Foreign Engagement and Participation
The Authority has been able to cement the country’s foreign policies. The foreign investors’ participation is one of the major components that defined the UAE capital markets’ performance in 2025. Also, it expanded the network of memoranda of understanding to 166, which includes seven newly signed agreements.
In the previous year, it held 52 bilateral meetings, processed 65 requests from IOSCO members, and participated in 10 international conferences.
This whole process has helped in strengthening the cross-border regulatory layout and, at the same time, making sure the country is positioned within the global financial ecosystem. A few factors, like transparent settlement infrastructure, evident disclosure conditions and currency stability, which backed inflows even as global risk appetite fluctuated, positioned the UAE as a regional anchor for portfolio capital.

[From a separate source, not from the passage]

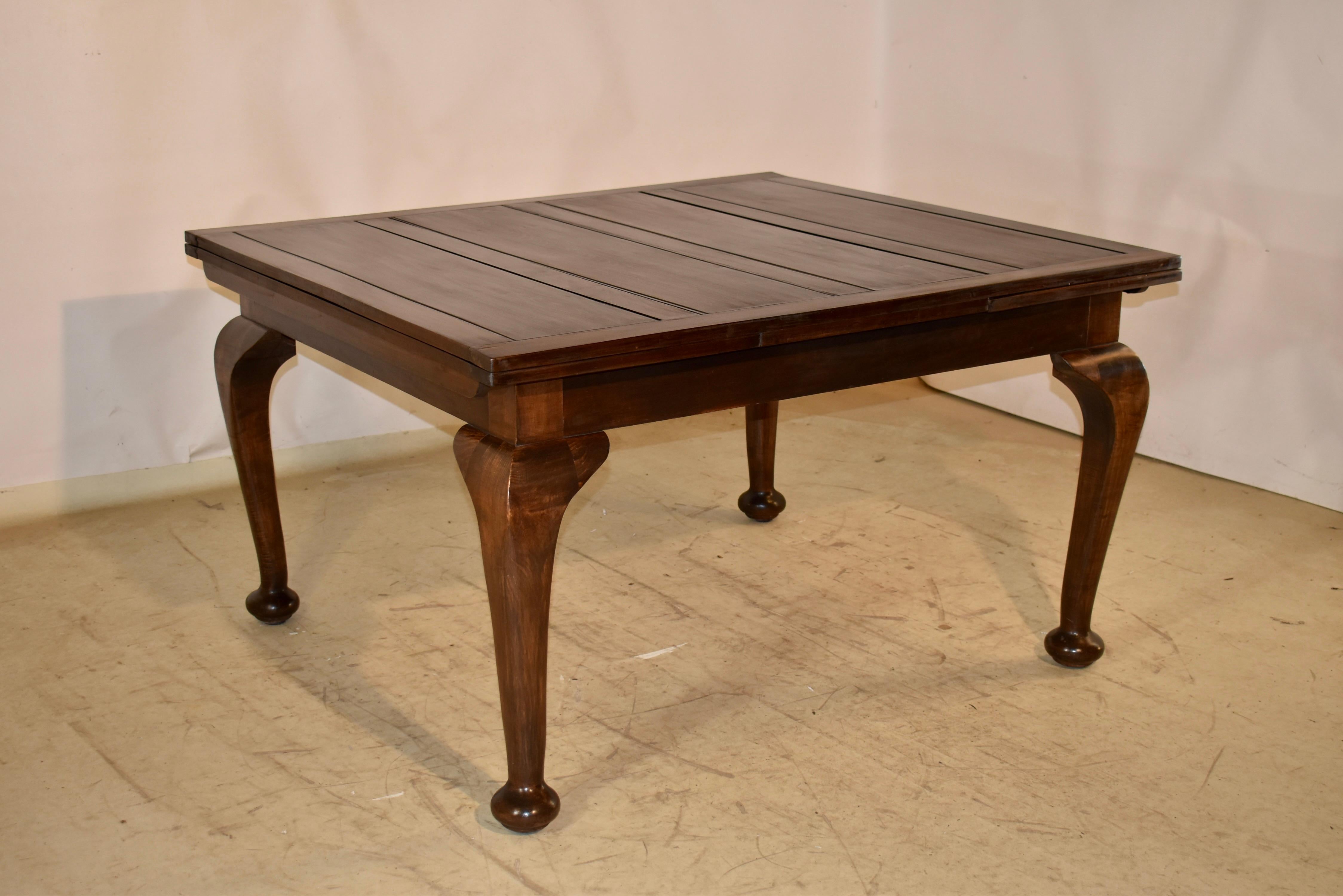 English Edwardian Mahogany Draw Leaf Table, Circa 1900 For Sale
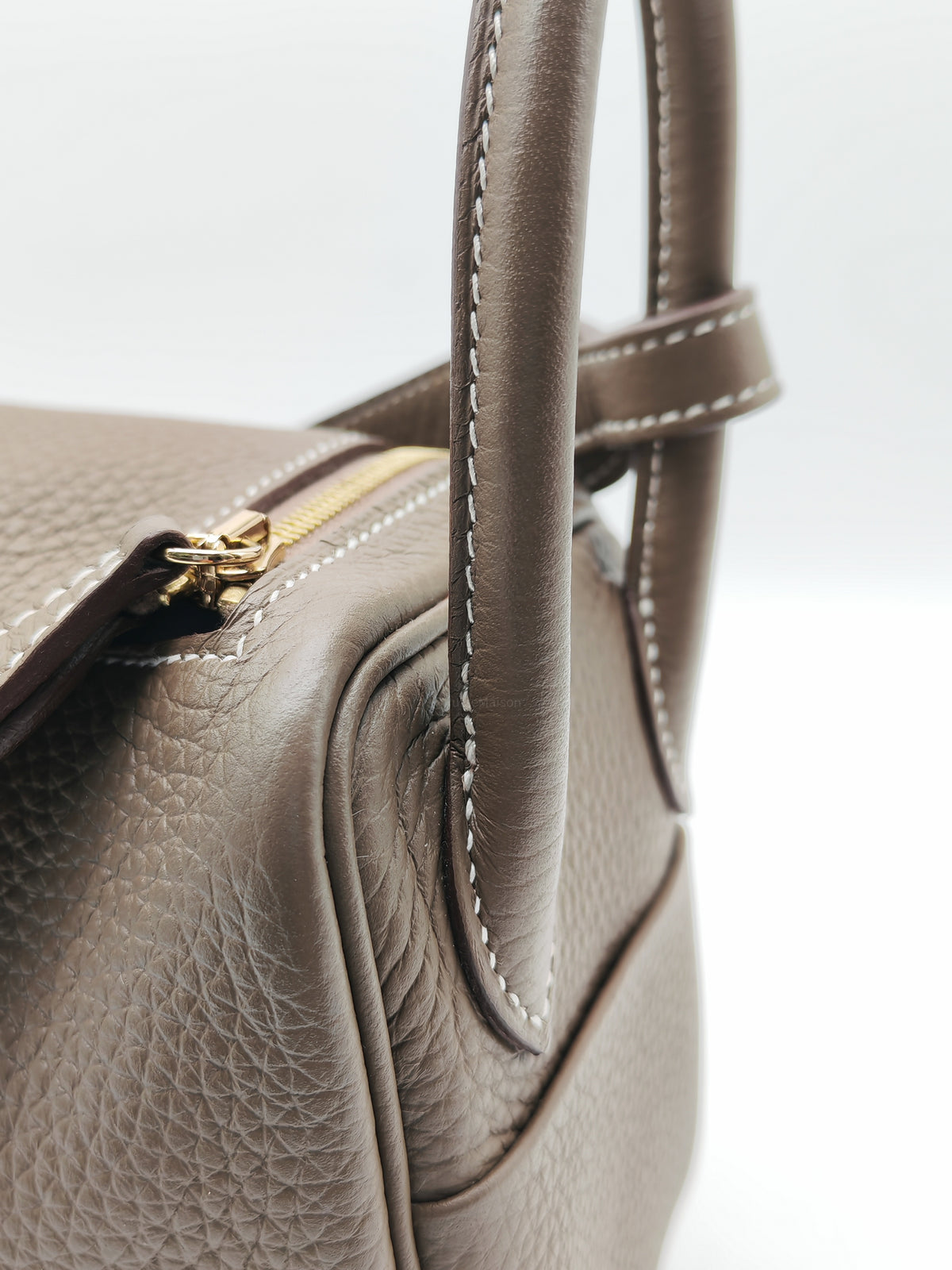 Hermes Mini Lindy in Etoupe Clemence Leather Gold Hardware Stamp U (2022) | Purse Maison Luxury Bags Shop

2026 is going to have a strong momentum
The UAE capital markets’ performance in the previous year suggested that consolidation rather than acceleration is the primary aim in 2026. Depth, liquidity and regulatory clarity appeared as the stable strengths. While global conditions remained uncertain, domestic market architecture offered resilience.
According to the Analysts’ prediction, continued progress will rely on maintaining issuance quality, boosting derivatives and improving secondary market liquidity. It can be understood from the entire process that 2025 experienced that the UAE’s capital markets are becoming a mature financial ecosystem rather than a cyclical evolution story.